Les acteurs politiques de ces dernières décennies n’ont pas été, dans leur grande majorité,  des exemples de probité morale pour le peuple. Quasi tous ont participé aux systèmes  « tarés » de Mobutu, puis de Kabila. Un exercice simple consiste à suivre, de manière individuelle, les parcours politiques de ceux qui paradent aujourd’hui au devant de la scène politique congolaise et à les analyser. On se rend très vite compte qu’ils reproduisent les mêmes maux et les mêmes vices, aidés par une sorte d’amnésie collective d’un peuple à la mémoire courte et toujours prompt à pardonner!

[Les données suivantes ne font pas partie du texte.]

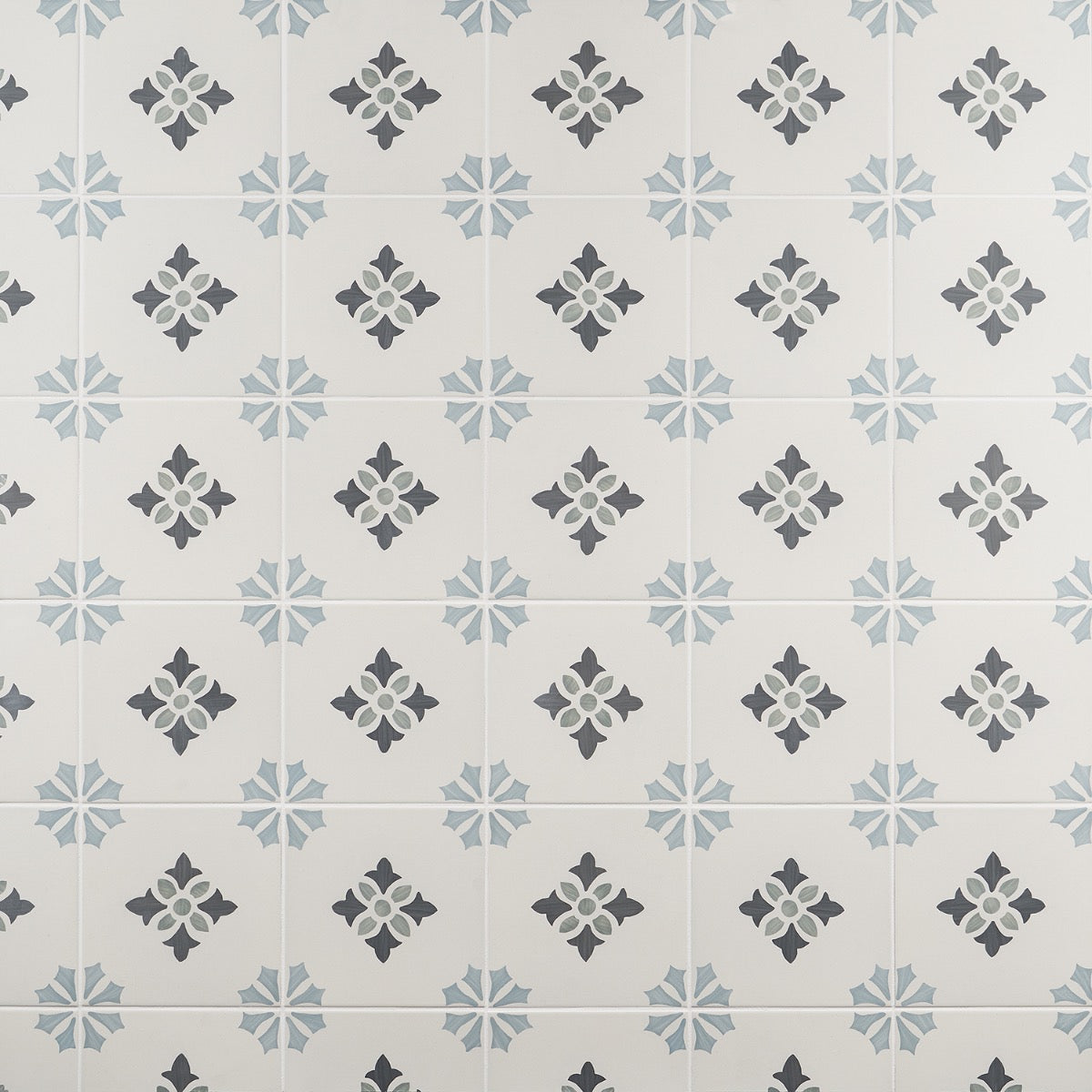 Lapaz Poppy Blue Green 9x9 Matte Porcelain Tile - Lux Tile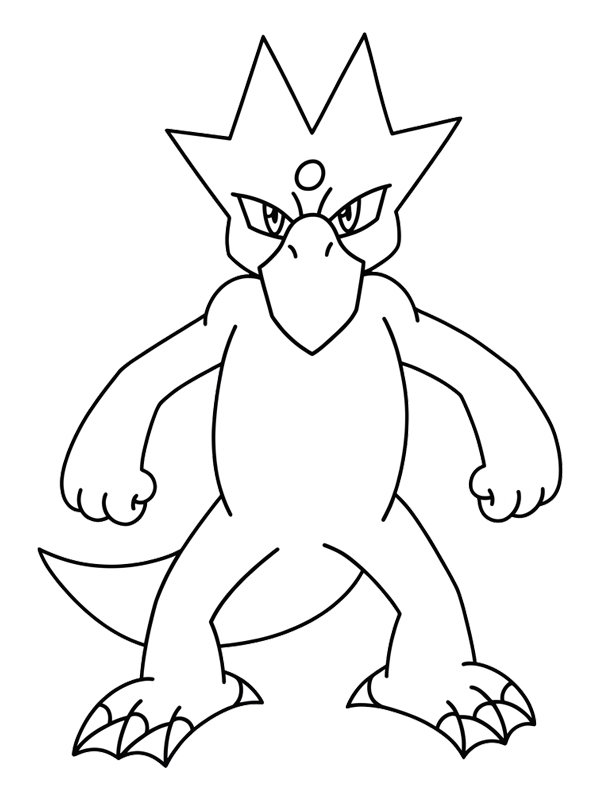 Golduck (Pok&eacute;mon) omalovánka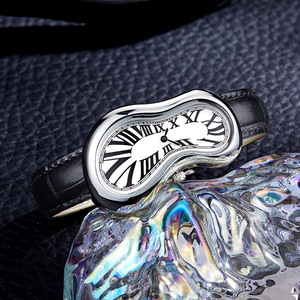 Nouvelle montre en acrylique ovale torsadée Y2K Alien, mode masculine et féminine, haut de gamme, étanche, niche, quartz antique - Product Image 4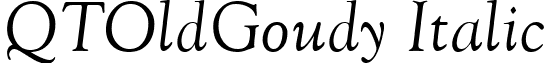 QTOldGoudy Italic font - QTOldGoudy_Italic.ttf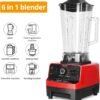 Professional Blender, Smoothie Blender, Fruit Juicer, 1500W High Power Home and Commercial Blender, Blender for kitchen 2500ml for Crushing Ice, Frozen Dessert, Fruit - Image 10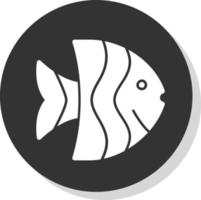 Angelfish Vector Icon Design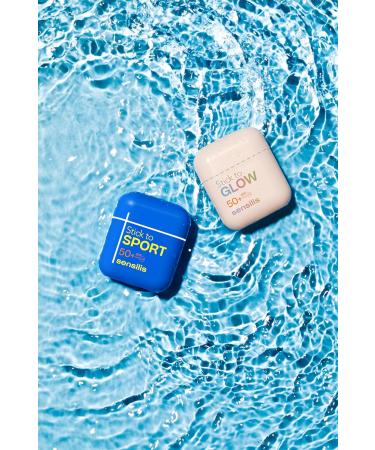 Sensilis - Sport Stick SPF50 Stick de Protection Solaire Prot ge la Peau des Rayons UVB et UVA Pr vient le Vieillissement Fini Invisible Application Pr cise Tous Types de Peaux - 10 g - Buy Online on GoSupps.com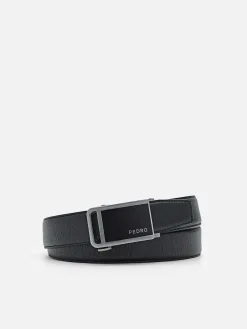 Embossed Leather Automatic Belt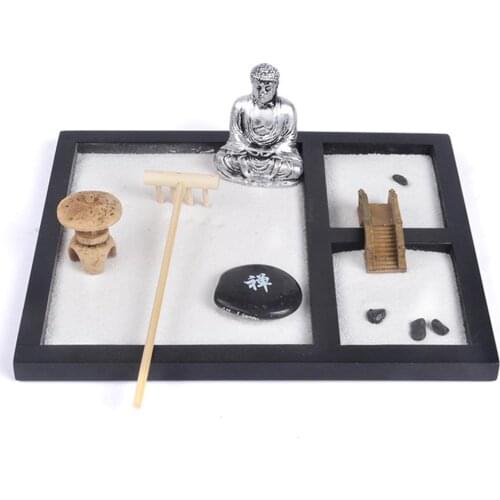 Zen Sand Buddhism Table Ornaments Decoration Psychological Meditation Sand Table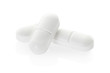 Medical pill tablet on white, clipping path included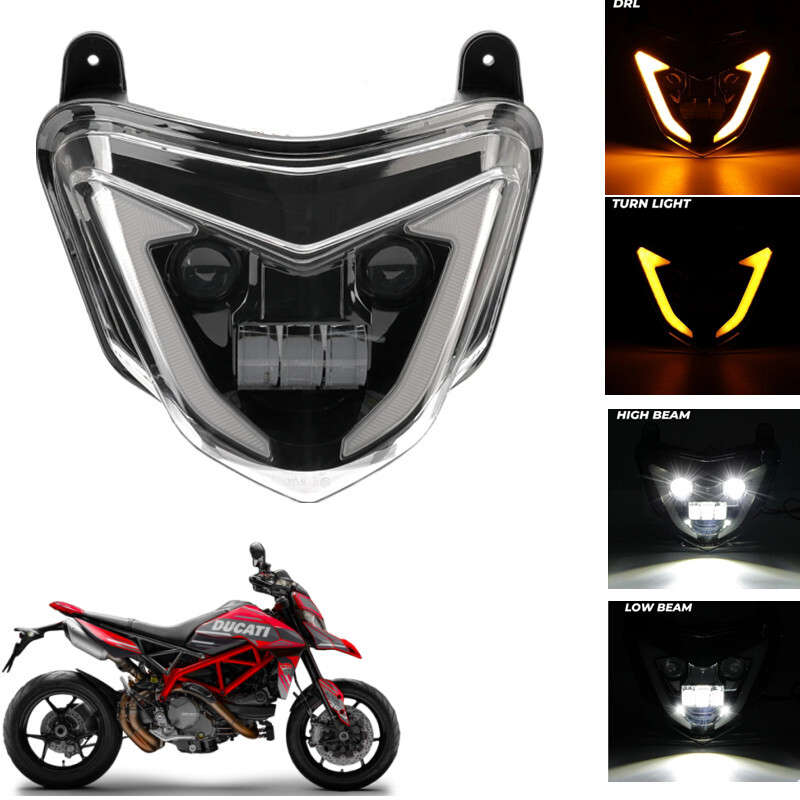 LED Headlight Assembly with Turn Signal DRL For Ducati Hypermotard 939 821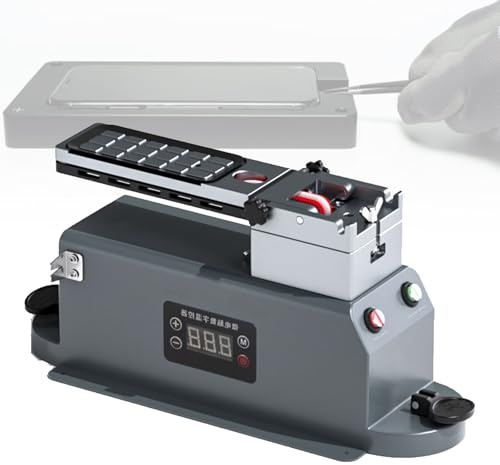 Riscaldatore universale in vetro per schermo del telefono, 160 mm x 55 mm, strumento di riparazione del riscaldamento dello schermo da 300 W con rimozione della colla, visibilità del processo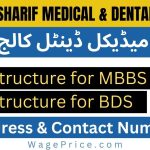 Sharif Medical & Dental College Fee Structure 2023 for MBBS & BDS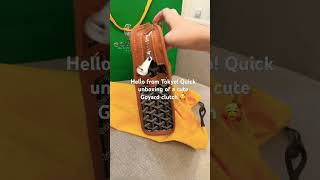 Unboxing Goyard clutch from Isetan Shinjuku, Tokyo 🤩 #goyard #luxuryunboxing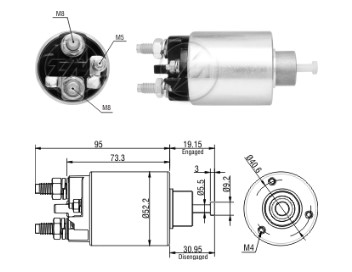INTACTO98860 AUTOMATICO PT. DELCO PEUGEOT/GM/CITROEN 12V ZM8860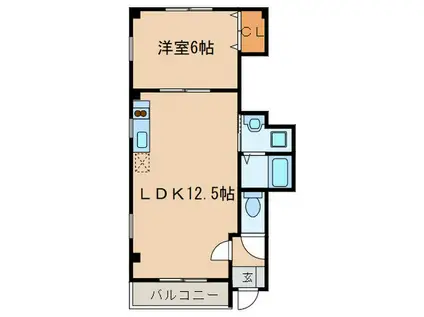 サンラヴィエ(1LDK/2階)の間取り写真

En conclusion, il semble difficile de croire à un renouveau du Congo avec la classe politique actuelle. La véritable rupture devra être avant tout idéologique puis sociale avant d’être politique. Et cette idéologie nouvelle devra prendre corps en chacun des membres de la nouvelle génération de dirigeants congolais. L’instruction et l’éducation restent sans conteste des moyens obligés pour y parvenir car elles permettent d’inculquer au citoyen, dès son plus jeune âge, ces valeurs essentielles à la construction d’une nation : le patriotisme, le respect du bien commun, la quête de l’intérêt général et la responsabilité collective des citoyens.